Let $X\in \mathbb R^d,Y\in \mathbb R$ be random variables. The expected prediction error of a predictor $f$ is
$$ \mathbb E[(f(X) - Y)]^2. $$
Suppose the true distribution of data satisfies
- There is $\beta\in\mathbb R^d, \sigma^2\in\mathbb R_{>0}$ such that $Y\sim \mathcal N(\beta^TX, \sigma^2)$.
- $\mathbb E[X] = 0$.
Suppose we draw a sample of $N$ points from this distribution, and let $f$ be the predictor formed by linear regression.

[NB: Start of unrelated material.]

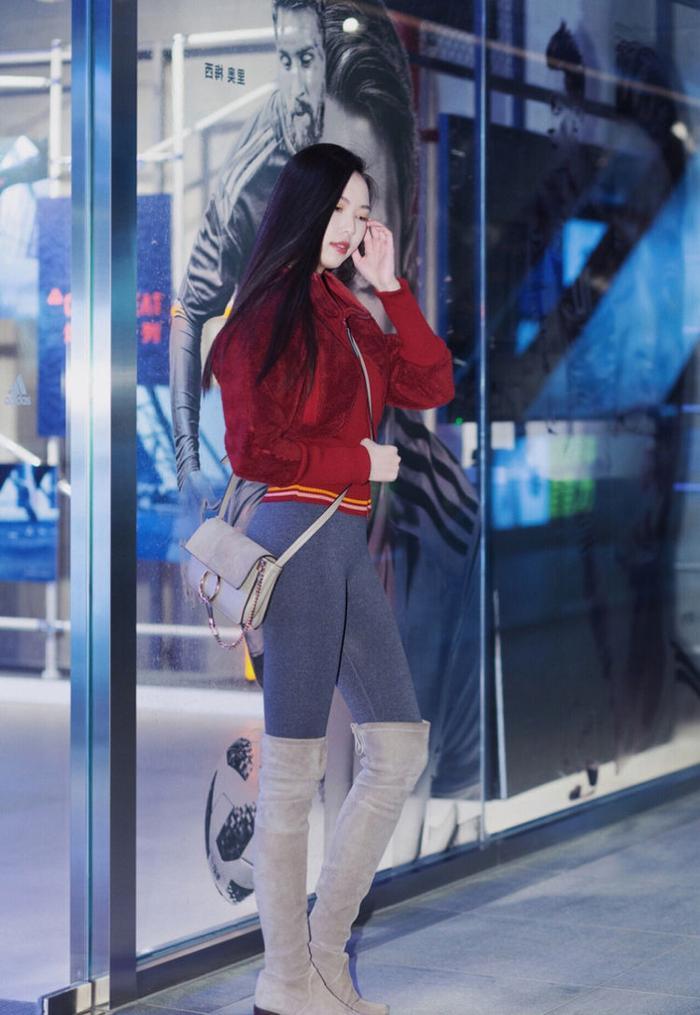 街拍美女：性感俊俏的小妹妹，用国色天香形容不为过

Equation 2.28 of Elements of Statistical Learning computes the expected prediction error of $f$ as approximately being
$$ EPE(f)\approx \sigma^2(d/N) + \sigma^2. $$
Is there a way to make this more formal?
It is only approximate because it uses $\mathbf{X}^T\mathbf{X}/N\to Cov(X)$ as $N\to\infty$, where $\mathbf{X}$ is the $N\times d$ data matrix to conclude
$$ \mathbb E [x_0^T (\mathbf{X}^T\mathbf{X})^{-1} x_0] \approx \mathbb E [x_0^T Cov(X)^{-1} x_0]/N, $$
where $x_0$ is another observation of $X$ independent of $\mathbf{X}$.